Epoch 1/10, Loss: 1.1057, Train Accuracy: 70.38%, Test Accuracy: 90.59%
Epoch 2/10, Loss: 0.3578, Train Accuracy: 92.30%, Test Accuracy: 93.38%
Epoch 3/10, Loss: 0.2252, Train Accuracy: 94.62%, Test Accuracy: 95.79%
Epoch 4/10, Loss: 0.1706, Train Accuracy: 95.73%, Test Accuracy: 95.99%
Epoch 5/10, Loss: 0.1396, Train Accuracy: 96.35%, Test Accuracy: 96.86%
Epoch 6/10, Loss: 0.1169, Train Accuracy: 96.87%, Test Accuracy: 96.77%
Epoch 7/10, Loss: 0.1036, Train Accuracy: 97.13%, Test Accuracy: 97.11%
Epoch 8/10, Loss: 0.0895, Train Accuracy: 97.54%, Test Accuracy: 97.06%
Epoch 9/10, Loss: 0.0804, Train Accuracy: 97.69%, Test Accuracy: 97.19%
Epoch 10/10, Loss: 0.0718, Train Accuracy: 97.98%, Test Accuracy: 97.29%


### Q2: (50 points)
#### Compared the accuracy with the accuracy of HW1.

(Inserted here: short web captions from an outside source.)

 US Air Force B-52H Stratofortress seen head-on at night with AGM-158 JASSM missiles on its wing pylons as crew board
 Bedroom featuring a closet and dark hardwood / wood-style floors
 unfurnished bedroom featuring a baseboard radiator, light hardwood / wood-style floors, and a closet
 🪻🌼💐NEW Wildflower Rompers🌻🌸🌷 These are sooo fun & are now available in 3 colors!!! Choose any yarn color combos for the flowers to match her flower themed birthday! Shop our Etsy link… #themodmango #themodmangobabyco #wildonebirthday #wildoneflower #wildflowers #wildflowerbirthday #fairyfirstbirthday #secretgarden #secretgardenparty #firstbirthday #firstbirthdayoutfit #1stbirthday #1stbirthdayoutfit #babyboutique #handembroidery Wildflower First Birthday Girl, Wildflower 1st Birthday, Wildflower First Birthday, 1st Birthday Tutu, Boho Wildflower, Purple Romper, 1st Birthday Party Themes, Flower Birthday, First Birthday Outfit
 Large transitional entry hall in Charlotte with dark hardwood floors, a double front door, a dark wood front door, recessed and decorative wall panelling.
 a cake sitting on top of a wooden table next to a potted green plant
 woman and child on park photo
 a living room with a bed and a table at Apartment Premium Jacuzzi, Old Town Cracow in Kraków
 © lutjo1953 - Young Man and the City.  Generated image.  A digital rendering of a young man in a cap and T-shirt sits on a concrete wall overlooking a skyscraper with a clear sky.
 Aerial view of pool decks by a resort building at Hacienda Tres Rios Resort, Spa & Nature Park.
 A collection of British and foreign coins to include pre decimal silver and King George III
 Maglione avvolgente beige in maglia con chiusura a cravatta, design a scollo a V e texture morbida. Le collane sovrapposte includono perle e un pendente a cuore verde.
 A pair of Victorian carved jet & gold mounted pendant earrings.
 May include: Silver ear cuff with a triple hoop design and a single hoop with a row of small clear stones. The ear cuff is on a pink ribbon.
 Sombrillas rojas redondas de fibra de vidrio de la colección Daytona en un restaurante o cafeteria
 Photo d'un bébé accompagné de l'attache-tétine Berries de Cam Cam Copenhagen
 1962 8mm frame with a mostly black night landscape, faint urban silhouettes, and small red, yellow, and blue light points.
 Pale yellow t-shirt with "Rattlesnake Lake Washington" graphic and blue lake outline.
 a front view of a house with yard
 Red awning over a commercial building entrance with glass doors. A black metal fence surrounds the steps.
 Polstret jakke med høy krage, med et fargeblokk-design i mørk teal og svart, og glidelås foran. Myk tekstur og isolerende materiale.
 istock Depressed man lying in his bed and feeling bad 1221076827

#### Discuss vision transformer's performance vs your network in HW1.

The test accuracy of the vision transformer is fairly similar to the network in HW1. In HW1 the accuracy was 97.76% and the vision transformer had an accuracy of 97.29%. It seems like with little change in test accuracy between the two models, it was observed that the vision transformer took significantly longer to run than the neural network due to its complex nature. That being said, it can be argued that a simpler model such as a neural network may be sufficient for some tasks such as optical character recognition while vision transformers may be better suited for much larger datasets where the advantages of the model could be observed better.